In worldwide first, data and photos to be shown on Internet

By Mark Lowey

Canada's missing children can now be found on the information highway -- the first on-line service of it's kind in the world.

Launched Wednesday, the link allows anyone with a personal computer and modem to search a comprehensive database of cases -including photos of missing children and in some cases, their abductors.

"There are three million Canadians actively surfing the Internet and now we have access to these people," says Anne Radie, spokeswoman for Missing Children Society of Canada, based in Calgary.

The society is one of six missing children's agencies across the country participating with the RCMP and other police forces in the computer linkup.

"This is really the next step in information transfer," Radic said Wednesday.

She said the society's investigators in the field will be able to connect by computer to the missing child database wherever there's a telephone.

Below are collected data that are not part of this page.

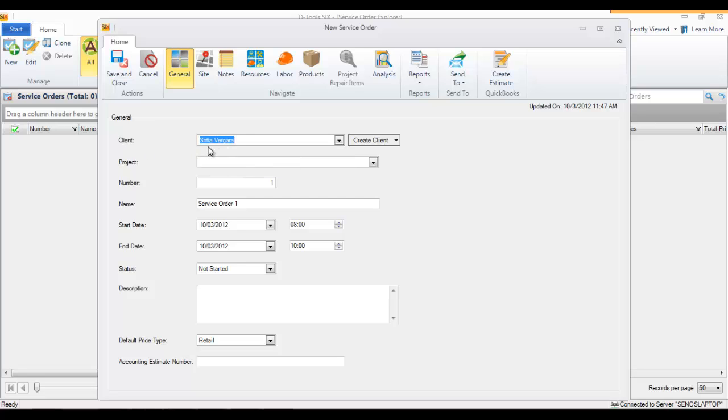Just because you use an existing client doesn't mean you have to assign the service order to a particular project. This may be for a client that you created products for prior to building them in DTools 6, so you may not have a project file available to link to this.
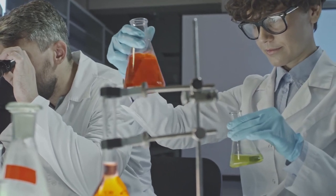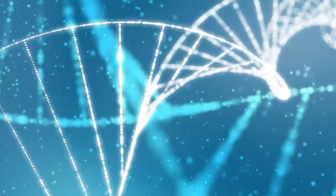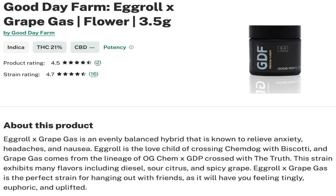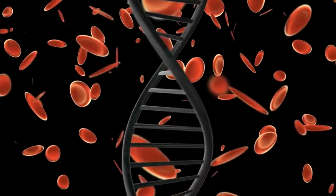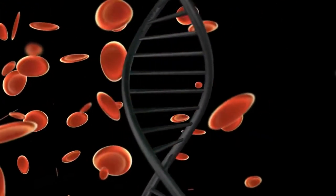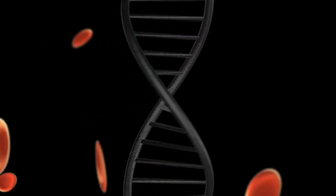For my strain of the week, it's egg roll mixed with grape gas by Good Day Farms. The top terpenes are myrcene, caryophyllene, limonene, and it looks like maybe a little humulene with a bit of pinene sprinkled in. The pinene didn't affect me in a negative way, so to me it's a go. I'll be making a video soon about the different types of terpenes in carts — whether it's food grade, botanical, or if it actually comes from the cannabis itself.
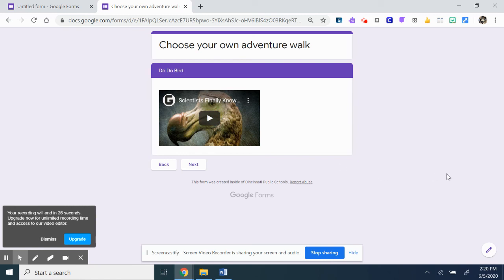So I hope you enjoyed learning how to choose your own adventure with Google Forms. If you have any questions, feel free to ask. Thanks. Have a great day. Bye.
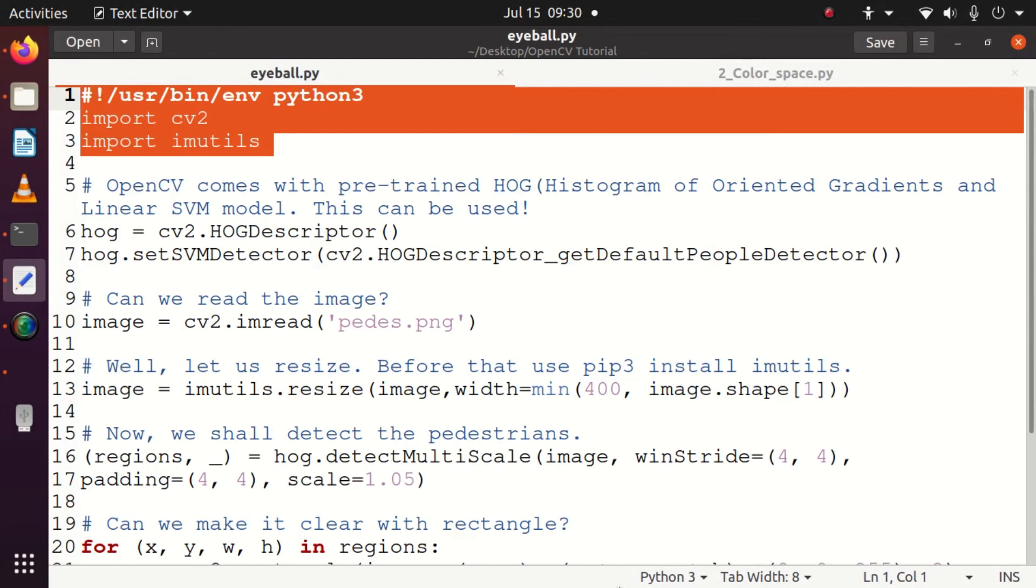The linear SVM model is also already available, so our task is very simple - just use these methods and you can detect the complete pedestrians in the input image or video feed.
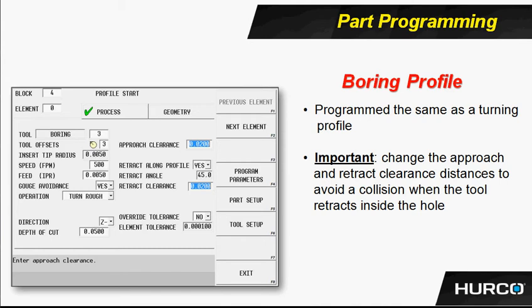So when we're programming inside the part, we have to be very careful of our approach clearance and retract clearance. You see that both of those are highlighted here in this slide, and I usually back those down to 20 thousandths or so. I can increase those if I want to later on, but basically I want to keep that tool as close to the profile cut that I can, only pull off what is absolutely necessary.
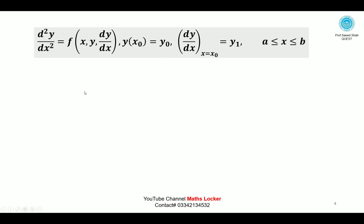d²y/dx² is equal to f of x, y, dy/dx — this is a second order differential equation. y(x₀) = y₀, and dy/dx at x = x₀ is equal to y₁. These are the two-point initial conditions, with x in the interval [a, b].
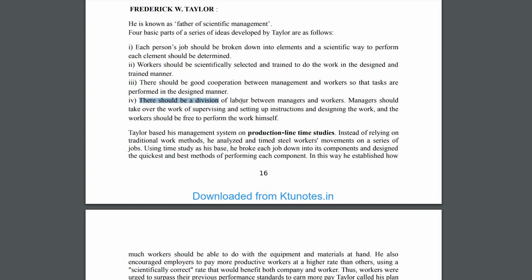There should be a division of roles between managers and workers. Managers should take over the work of supervising, setting up instructions, and designing the work, while workers should be free to perform the work themselves.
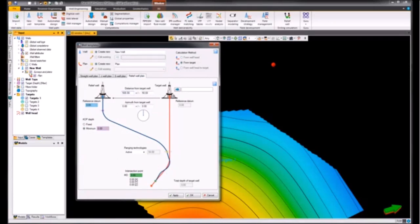With the relief well, we input our target well and then specify the distances and the uncertainties of the relief well in relation to the target well.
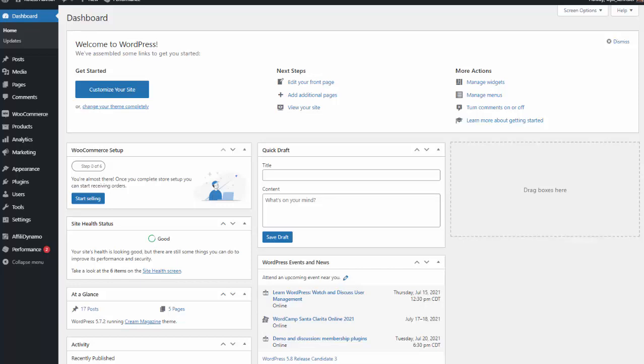All right, so I want to give you a quick walkthrough of how easy it is to create affiliate sites using the AffiliDynamo plugin. So I'm on a demo site here.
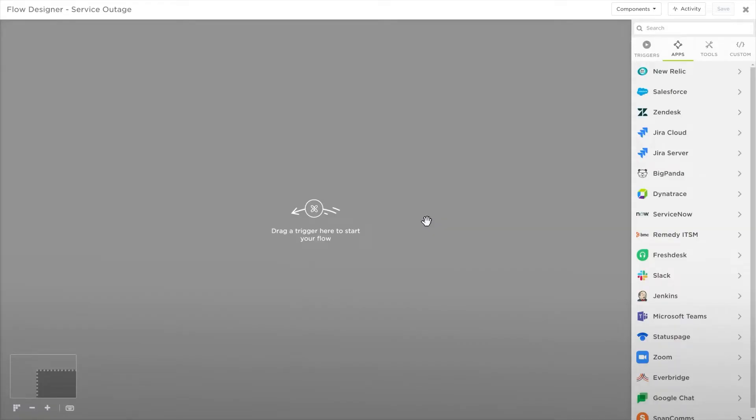Let's learn how this works by creating a simple flow using Slack and a notification to an on-call resource. We'll start with the trigger.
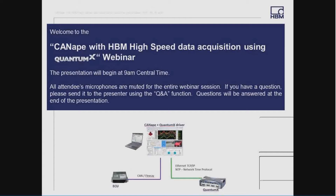Welcome to today's webinar on QuantumX data acquisition, including electronic control units using CANape with HBM data acquisition. Your microphone will stay muted throughout the presentation. If you have questions, we will address them when Thomas asks for them — there's a point in the middle as well as at the end, and you can send your questions through the Q&A feature of WebEx.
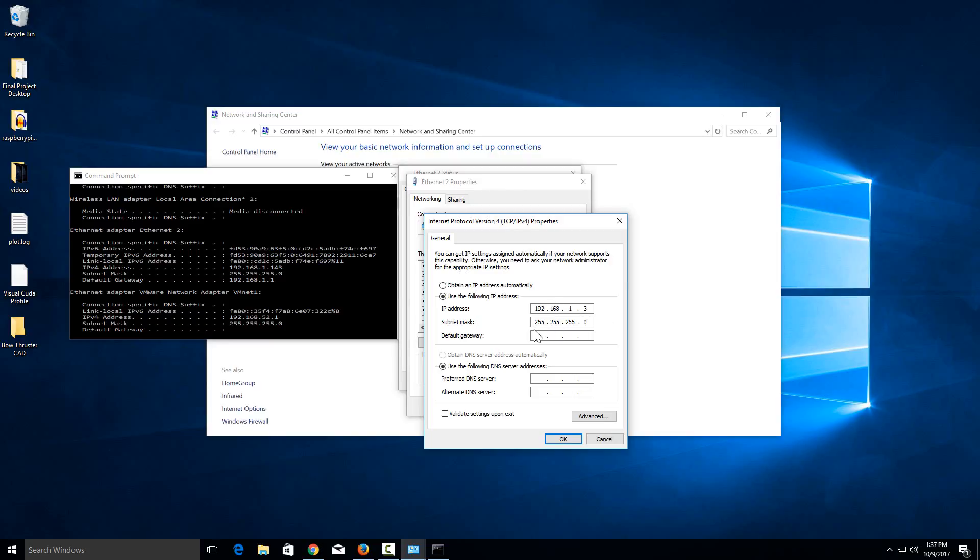Then for the default gateway, that's generally going to be whatever the IP address of your router is. My default gateway before was 192.168.1.1, it's going to stay that same IP address, and I also know that that's the IP address of my router. So I'm going to put that in for the default gateway.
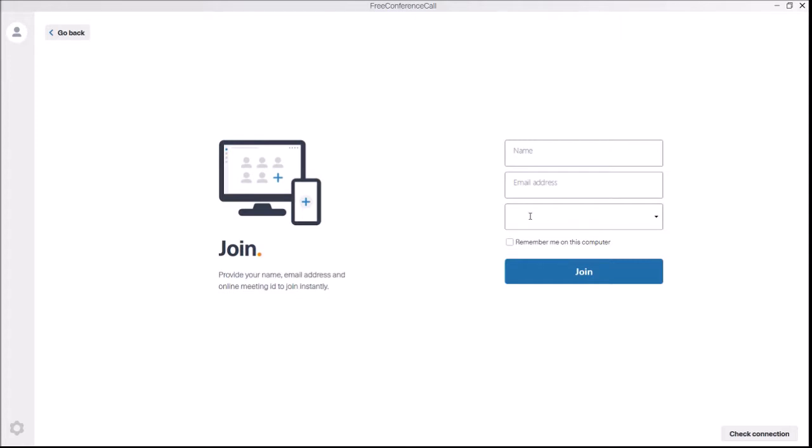Then once you click on that, you just go join. And that's it. You should be with your video and audio connected to the meeting.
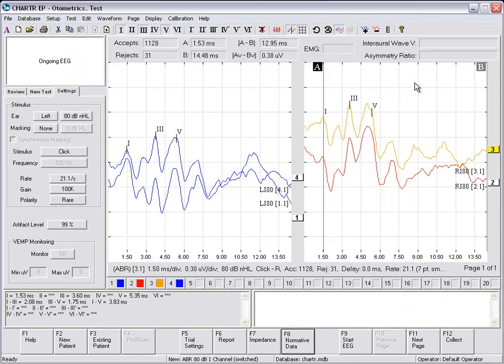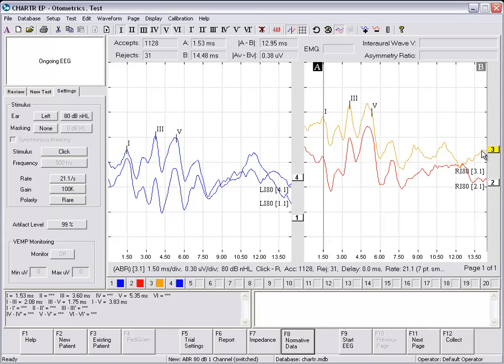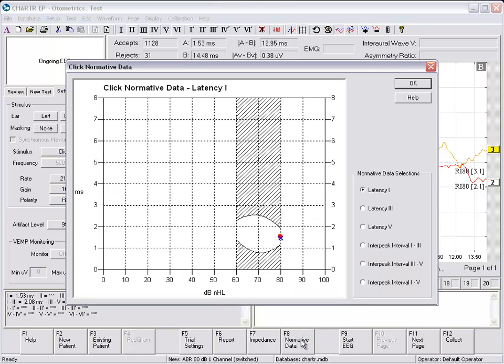If you select two waveforms, you'll see that 3 is highlighted here. And if you select Control and click on number 4 and then select Normative Data, you'll see both waveforms are shown here for Wave 1.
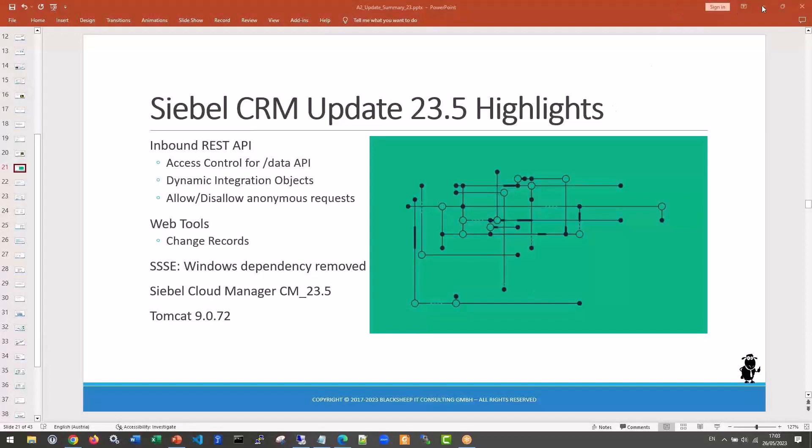Welcome to the May edition of the Siebel Friday for Siebel 23.5, or May 2023. Let's see what we have. We start off with the usual look at the latest Siebel update. The update highlights for Siebel 23.5 were delivered right in the middle of May. You might have already downloaded or even updated — Florian, who is here today, has definitely updated to 23.5 already.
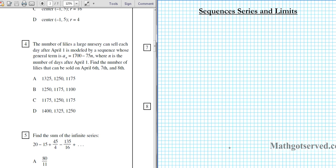Good day students. In this clip we are going to be going over sequences and series in this review part. So let's take a look at question number 4.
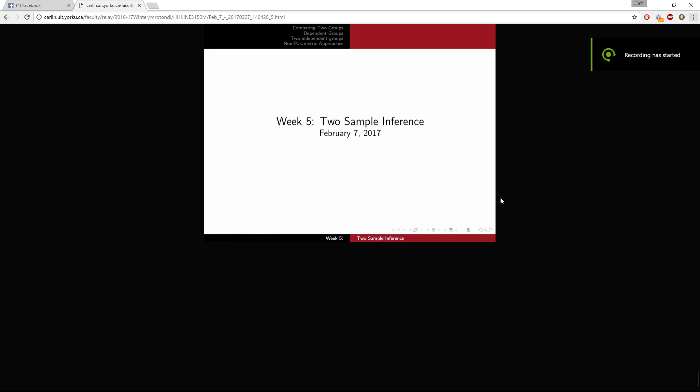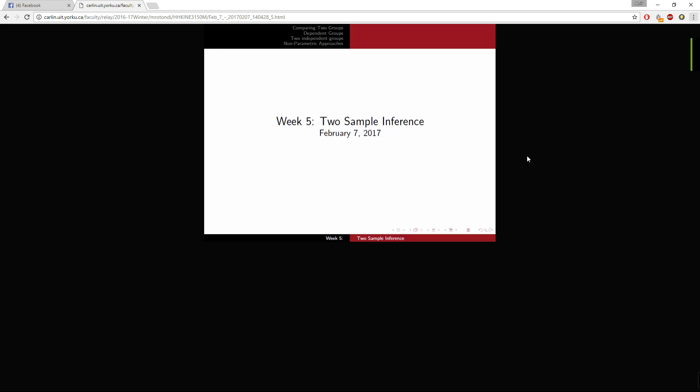Hello fellow York students. I am making this video to show you how to download videos on Moodle.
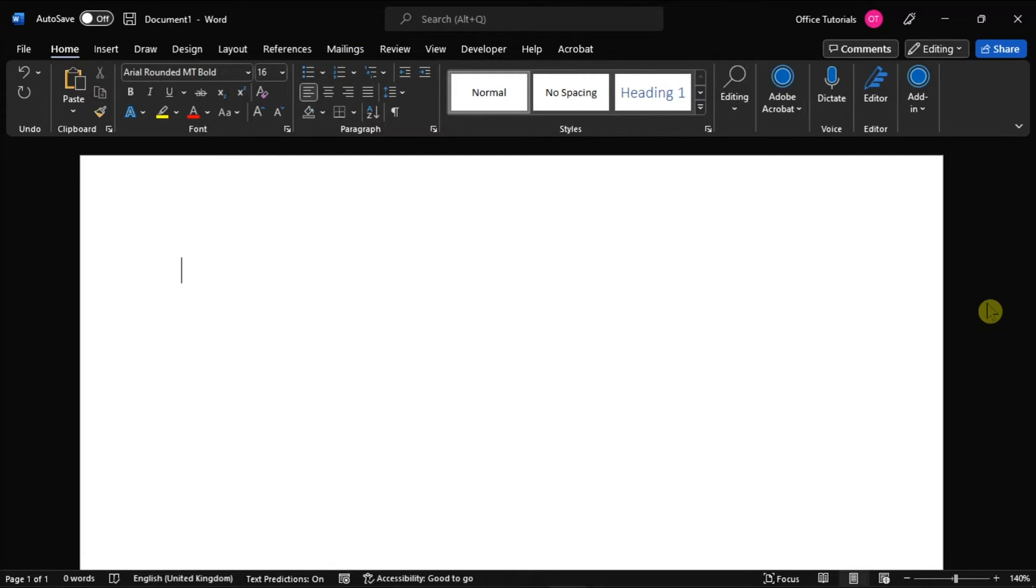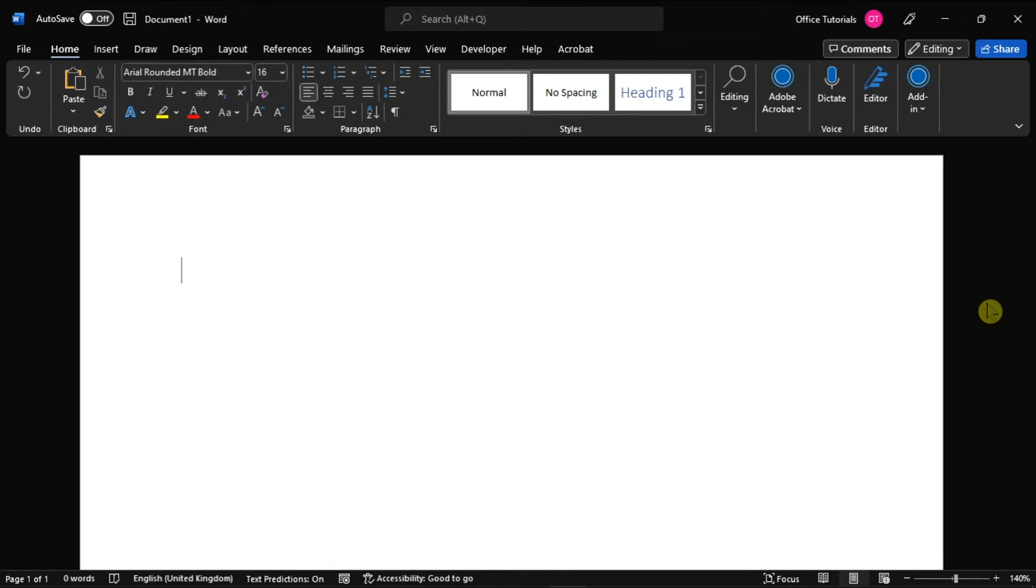AutoRecover is a feature in Microsoft Word that automatically saves the document you're working on at certain intervals. This allows you to recover the document if your PC malfunctions in the middle of your work. The AutoRecover feature can be enabled or disabled using the following steps in this video.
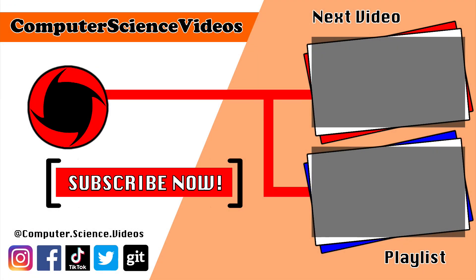Thank you for making it towards the end of the video. Be sure to subscribe to my channel, Computer Science Videos. Be sure to check out the previous video on screen now, or you can click on the playlist and watch all the journey for computer science videos from the start until now. Bye!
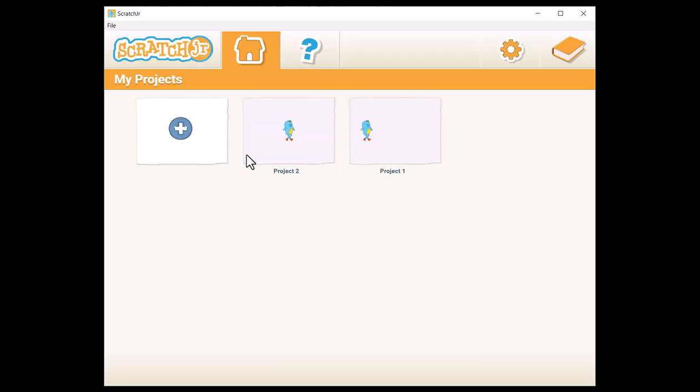Hello, everyone. In this lesson, we will explore the different blocks used to create a mission to program the sprite Tick.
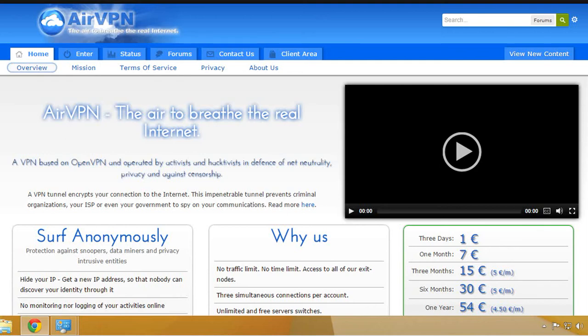In this tutorial we will configure OpenVPN for a connection with AirVPN. Go to the AirVPN website and make sure that you are logged in with your account.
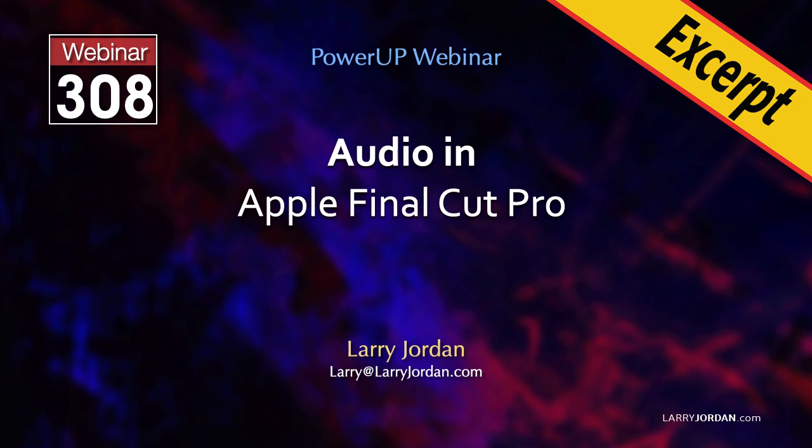This is an excerpt from a recent Power Up webinar on working with audio in Apple Final Cut Pro. Hi, my name is Larry Jordan. In this short video tutorial I'll show you how to set audio levels in Final Cut.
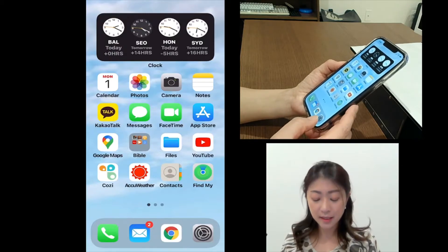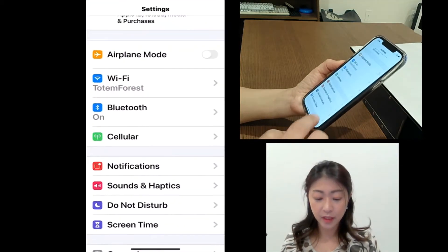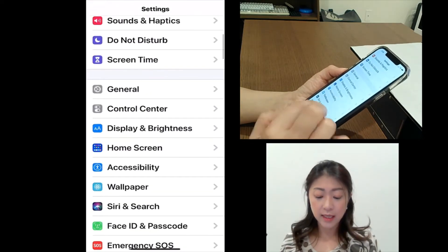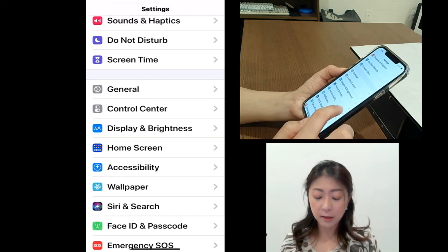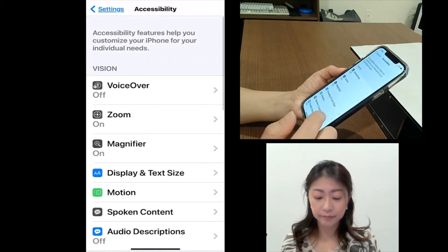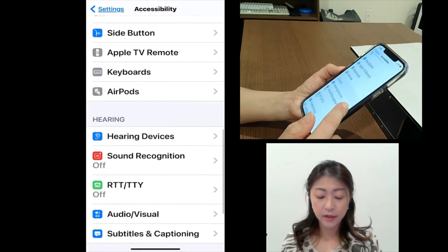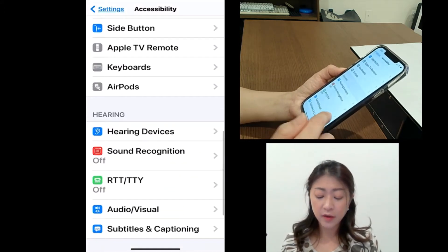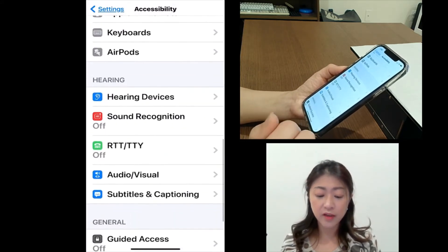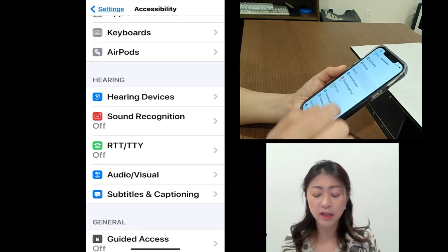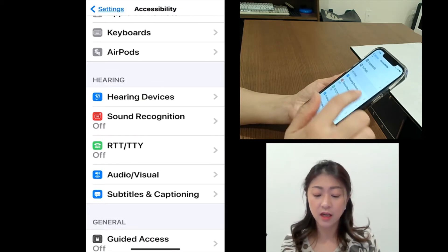Go to Settings, and then Accessibility, and then under Hearing, the first thing you'll see is Hearing Devices.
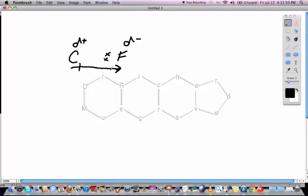Now we're going to look at what happens when we combine dipoles and examine net dipoles — that's for compounds with more than one dipole in their system.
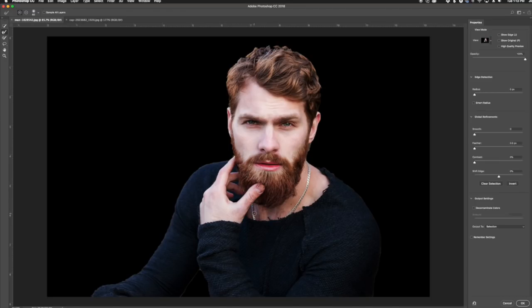It's obviously not 100% perfect, but it gives you a great starting point so you can go in here and decontaminate the colors, do a lot of the smoothing of the selection, and so on. So it gives you a really great starting point.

The database is now accessible at what's called a World Wide Web site -- text and graphics are provided to anyone with a moderately powerful computer, modem and 'Net-searching software.

Called Child CyberSearch Canada, the site was set up by the Civil Service Co-operative Credit Society (CS Co-op), Marketcess Communications, an Ottawa online service, with guidance from the RCMP Missing Children's Registry.

Child CyberSearch's goal is to help locate missing children by making timely information available to the public, says Duane Yeager, a partner in Child CyberSearch Canada.

"This is the first site of its kind in the world," he said from Ottawa. "It's really exciting."

Yeager said his company approached the RCMP about a year ago with the idea for the non-profit, "feel-good project."

Canada's more than 1,400 police forces have been invited to put information on the computer site, he said.

The database contains a photograph and description of each missing child and, where appropriate, a photo of the abductor. The RCMP provides the pictures.

Also on the database; a toll-free hotline (1-800-843-6678) where people can pass on information; details on the six missing-children agencies involved; and an on-line library of streetproofing tips and other resources.

There are also addresses of more than 30 "child-safe" Internet sites around the world, where children can cybersurf without parents worrying about questionable material.

Yeager said the service was launched with about 45 missingchild cases from Canada, the U.S. and Mexico. More will be added from the RCMPs caseload of 1,000, which is growing by 50 a month, he said.

"It's frightening,' noted Radic, that there were 51,973 reported cases of missing children in Canada last year -- including 6,550 in Alberta. About three-quarters involve runaways.